Resistance to DDT and pyrethroids has been documented in different mosquito species [10,14,15]. Two major resistance mechanisms have been previously identified, including target site insensitivity resulting from mutations in the insecticides’ target protein genes and increased metabolic detoxifications for insecticides [4]. Non-synonymous mutations in the voltage-gated sodium channel (VGSC) gene causing target-site insensitivity have been found in multiple mosquito species of public health importance, including Anopheles gambiae [16,17], Culex quinquefasciatus [15,18], Ae. aegypti [10,14], and Ae. albopictus [13]. In Ae. aegypti, V1016G, V1016I, and F1534C mutations were found to be correlated with pyrethroid resistance [19, 20], and the F1534S mutation was correlated with deltamethrin resistance in Ae albopictus [13]. Metabolic resistance involves the insecticide molecule’s bio-transformation via higher expression or presence of more efficient detoxification enzymes. Detoxification enzymes belong to four gene families: cytochrome P450 monooxygenases (P450s), carboxylesterases (COEs), glutathione S-transferases (GSTs), and UDP-glucuronosyltransferases, but a number of species-specific genes within each gene family have been found to be involved in metabolic resistance in various mosquito species, such as Anopheles sinensis, Cx. quinquefasciatus, and Ae. aegypti [10,14,15,17,21–24]. Other resistance mechanisms include mosquito physiological changes, such as cuticle thickening and digestive tract modification, which may lead to changes in insecticide absorption and penetration, and in behavioral avoidance [25, 26]. We have previously identified one mutation (F1534S) in the VGSC gene in Ae. albopictus that is significantly associated with pyrethroid resistance [13]. However, little is known about metabolic resistance in Ae. albopictus, which may result from both altered expression and mutations in the detoxification genes. For example, SNPs in GSTe2 were found to confer resistance to DDT in the malaria mosquito Anopheles funestus [27]. With this in mind, this study aims to characterize novel resistance mechanisms in Ae. albopictus.

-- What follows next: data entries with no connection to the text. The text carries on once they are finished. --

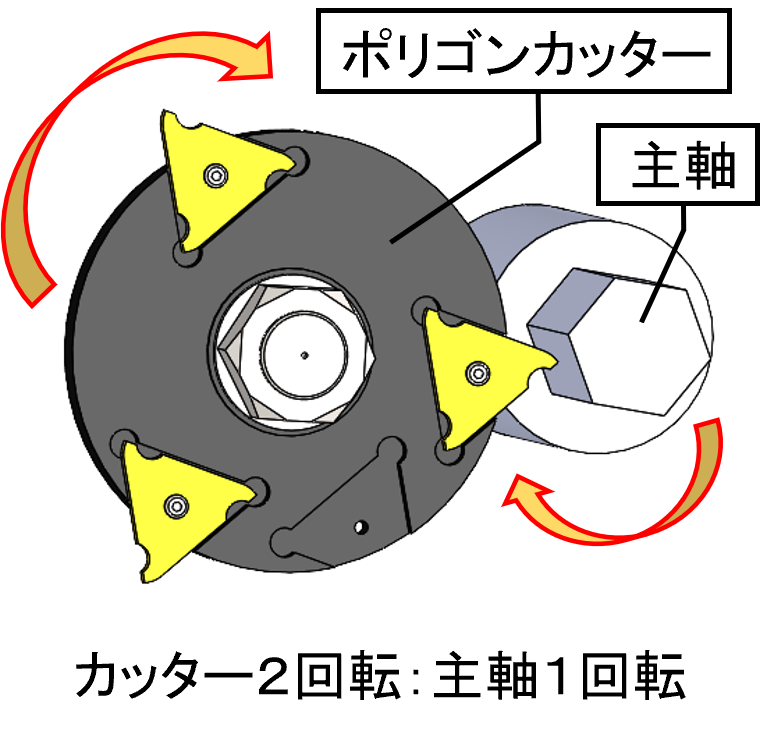 ポリゴン加工の説明図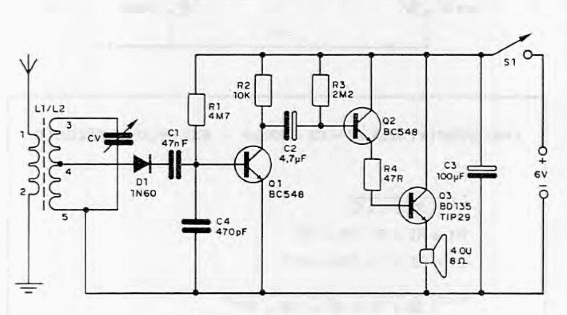 Radio AM deTres transistores 

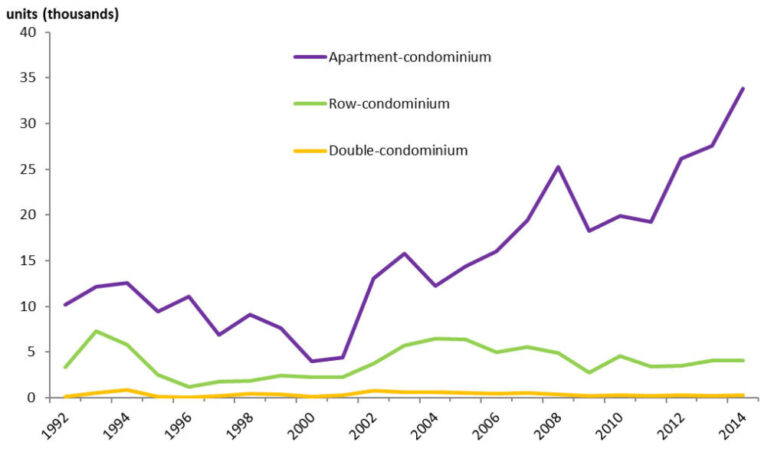 apartment condo intentions 1992-2014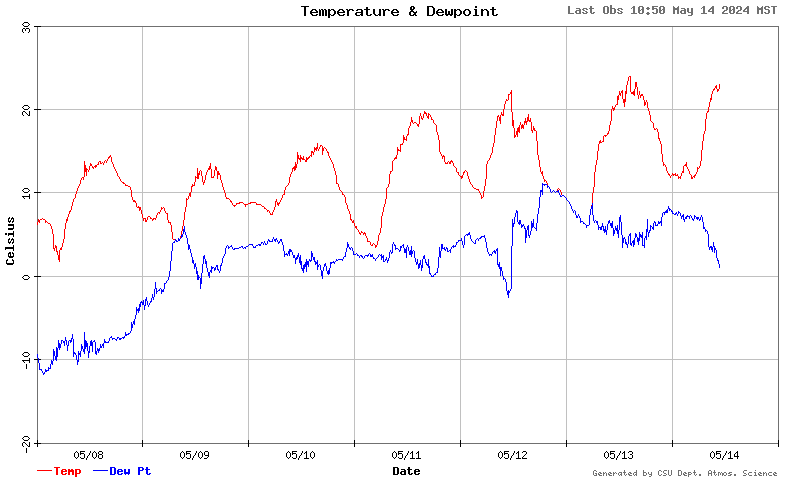 temperature and dewpoint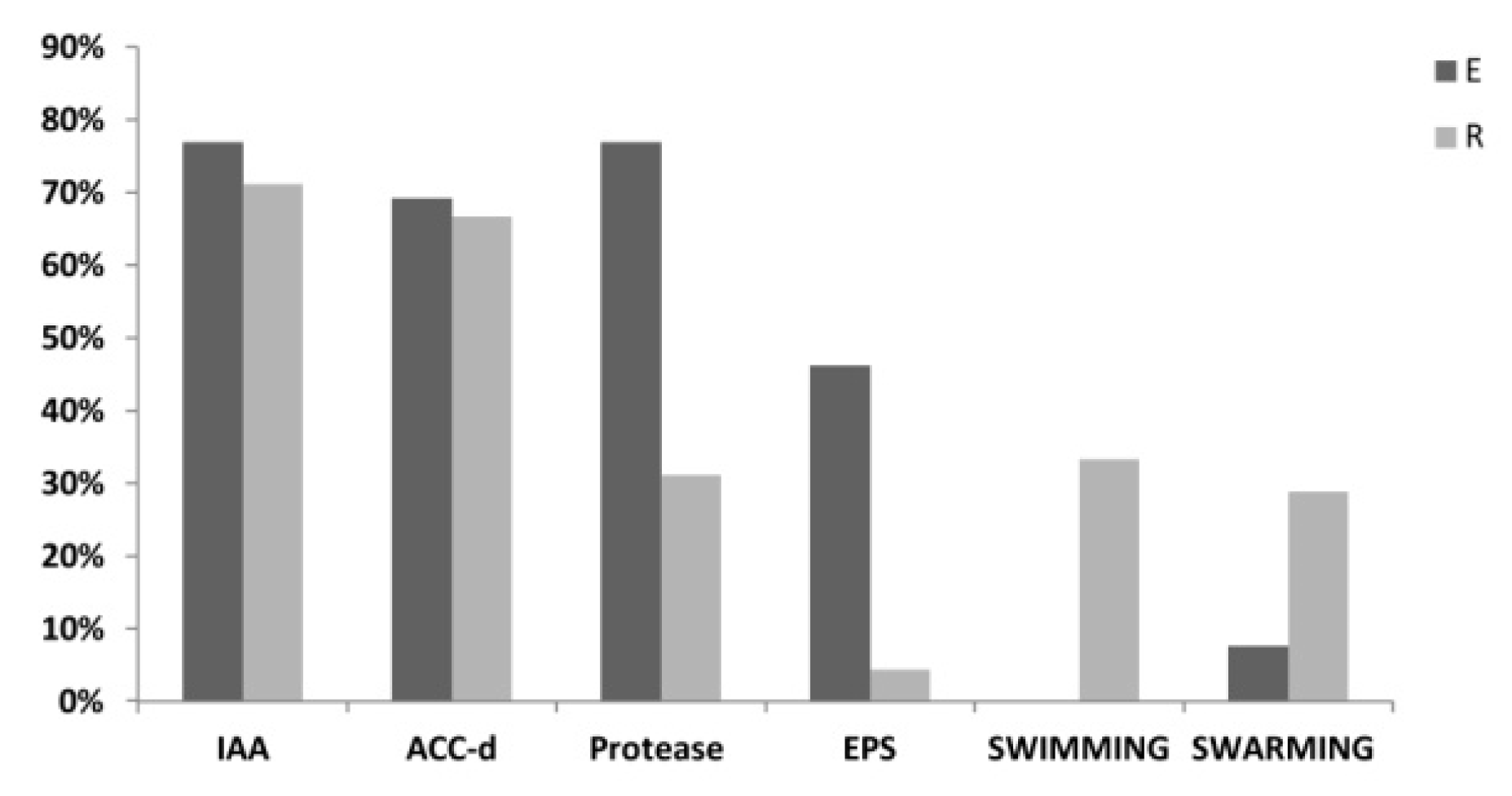 Microorganisms 07 00384 g003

mRNA sequencing (RNA-seq) is a powerful technique for comprehensive profiling of transcripts. To date, several studies have used RNA-seq to investigate resistance mechanisms in mosquito species, including An. gambiae [28], An. sinensis [29], Ae. aegypti [30], and Cx. quinquefasciatus [31] and Cx. pipiens pallens [32], and these studies have demonstrated that the RNA-seq technique can successfully yield useful resistance targets. In southern China, Ae. albopictus is the most important dengue vector with strong pyrethroid resistance [13]. In this context, the present study used RNA-seq on single mosquitoes and identified genes differentially expressed between resistant and susceptible Ae. albopictus mosquitoes and SNPs associated with resistance. In addition, the function of 3 candidate genes was further functionally verified by RNA interference (RNAi). Using a genotype-phenotype association study, we further identified 5 new SNPs significantly associated with resistance in natural populations.

Materials and methods

Ethics statement

This study did not involve endangered or protected species, and was not conducted on protected lands. All collections were performed on public land, and no specific permits were required for mosquito field specimen collection.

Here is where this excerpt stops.